» **Problem to work on**: Copy out the data below from the line containing "Модная женская квадратная" to the line containing "Ноты Andre Rieu", both lines included, with all images left out.

» **Supplied records**:
────────────────
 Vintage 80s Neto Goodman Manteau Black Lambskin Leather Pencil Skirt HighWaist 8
────────────────
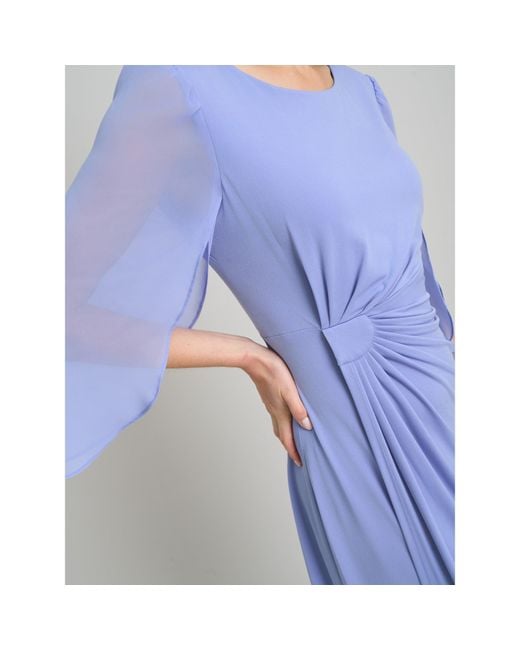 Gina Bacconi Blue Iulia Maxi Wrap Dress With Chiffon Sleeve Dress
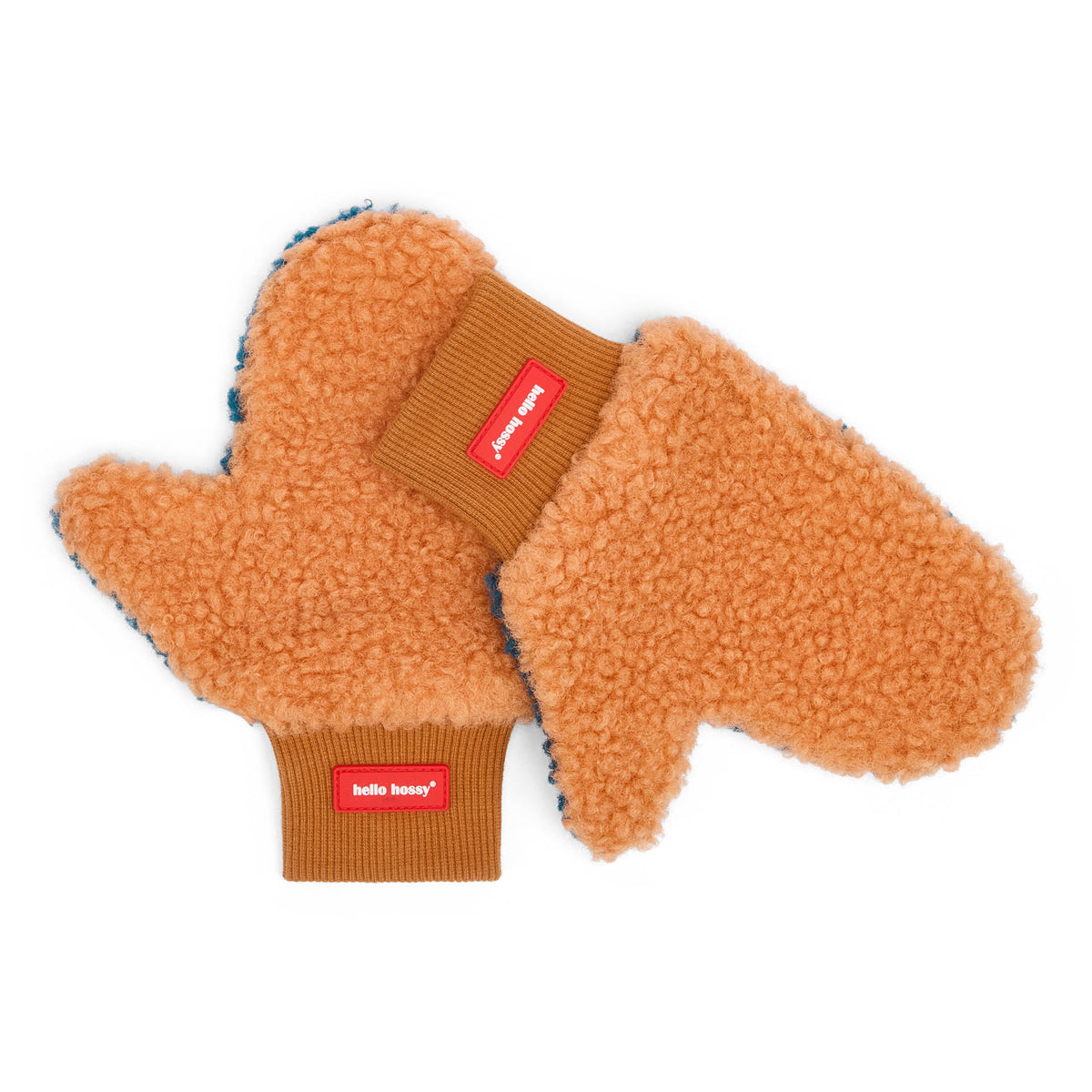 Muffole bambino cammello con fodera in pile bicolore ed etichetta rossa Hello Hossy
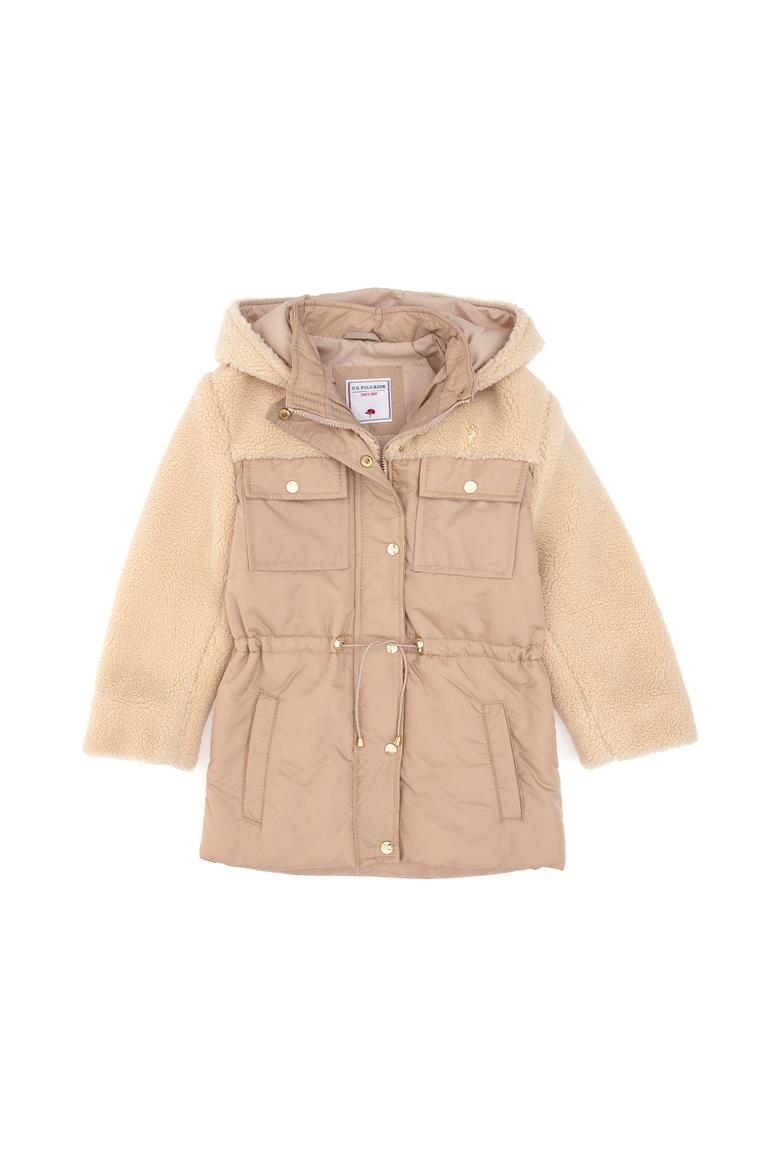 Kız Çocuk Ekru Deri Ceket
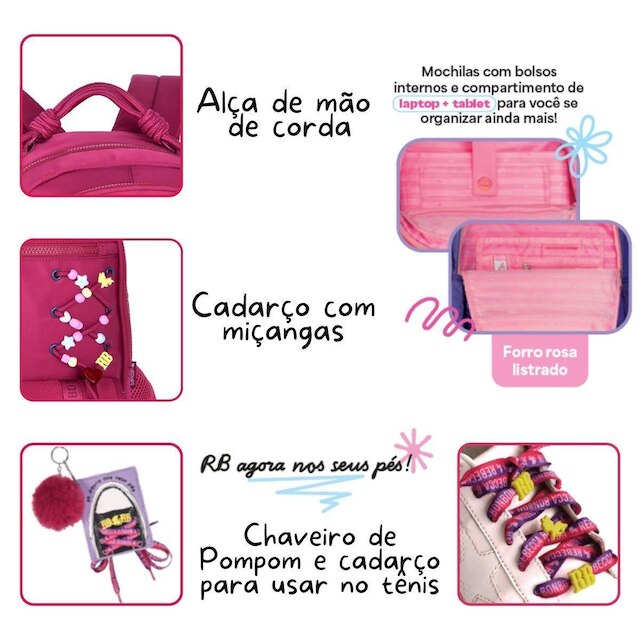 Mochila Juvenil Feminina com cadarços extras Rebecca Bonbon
────────────────
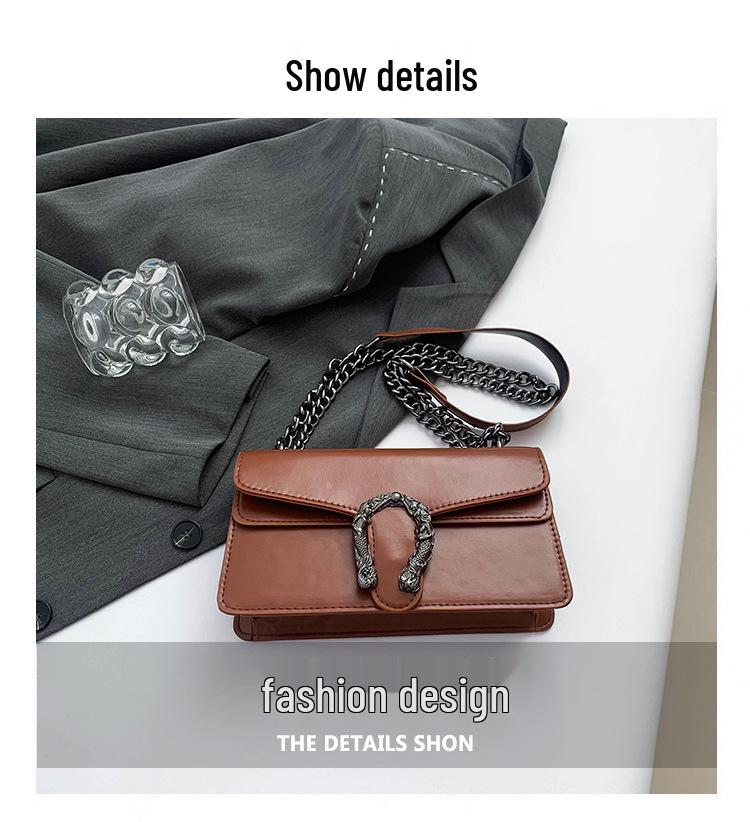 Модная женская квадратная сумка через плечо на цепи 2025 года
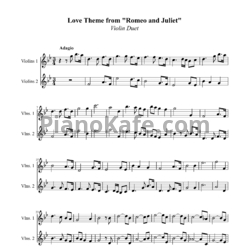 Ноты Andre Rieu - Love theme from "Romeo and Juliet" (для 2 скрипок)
────────────────
» **Expected answer**:
 Модная женская квадратная сумка через плечо на цепи 2025 года
 Ноты Andre Rieu - Love theme from "Romeo and Juliet" (для 2 скрипок)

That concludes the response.